Confirmatory Findings

Commenting on the findings for Medscape Medical News, Kathleen Digre, MD, professor of neurology, director, Center of Excellence in Women’s Health, division director, headache and neuro-ophthalmology, University of Utah, Salt Lake City, and a fellow of the American Academy of Neurology, said the study was “very well designed.” The study groups were well matched and “typical” of those presenting to EDs across the United States, she noted.

The findings, said Dr Digre, who is president-elect of the AHS, confirm prior research showing the superiority of prochlorperazine compared with narcotics.

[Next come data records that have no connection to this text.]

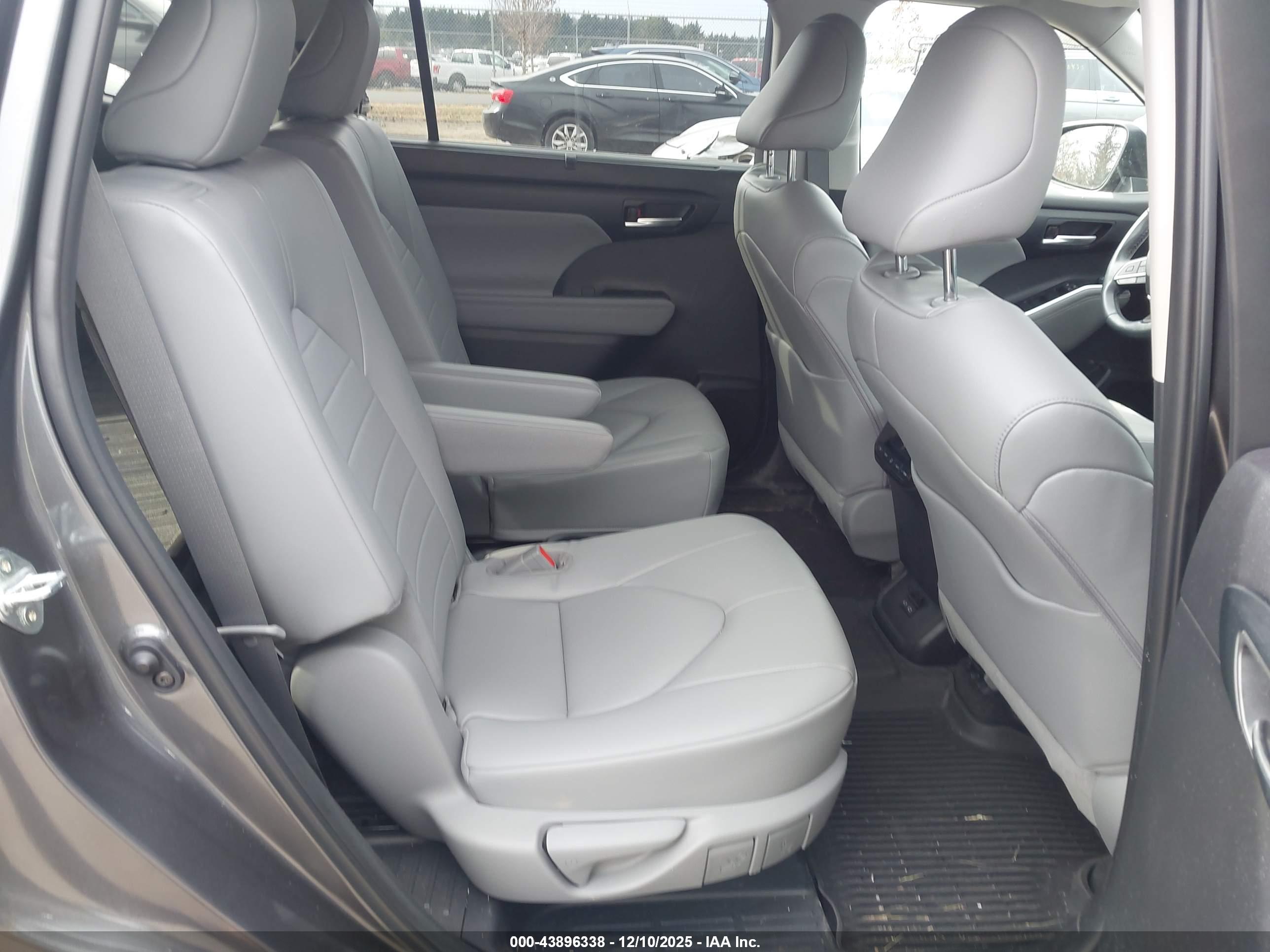 TOYOTA HIGHLANDER image 8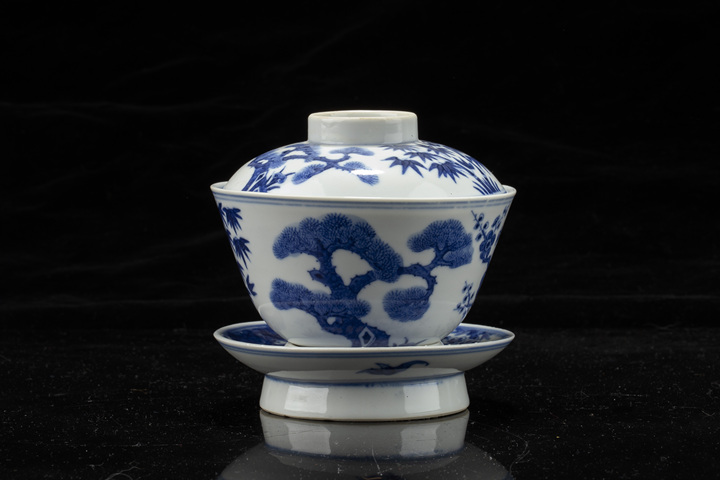 古玩陶瓷清光緒·青花松竹梅紋三才碗（官）
真品鑒賞圖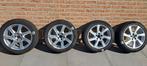 Winterbanden 215/50 R17, Auto-onderdelen, Banden en Velgen, Ophalen, Winterbanden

“The study provides further evidence of previously published evidence-based guidelines for IV antidomaminergic treatment of migraine in the [ED].”

Dr Digre also agreed that the results don’t support assertions that patients treated with hydromorphone have long-term sequelae, such as opioid addiction, recurrent trips to the ED for additional opioids, or more severe headaches.

She pointed out that because the study excluded patients taking opioids, “we can’t generalize to the population of patients who take opioids frequently.” 

In addition, because the two study sites were in urban areas of New York City, the results “may not generalize to other areas completely.”

Another study limitation, said Dr Digre, was that the authors didn’t look at drugs that participants had been taking before the study, some of which could be linked to analgesic overuse, or collect data on preventive medications patients were receiving after their ED discharge.

“This would have been helpful information,” she said.

Dr Friedman and Dr Digre have disclosed no relevant financial relationships.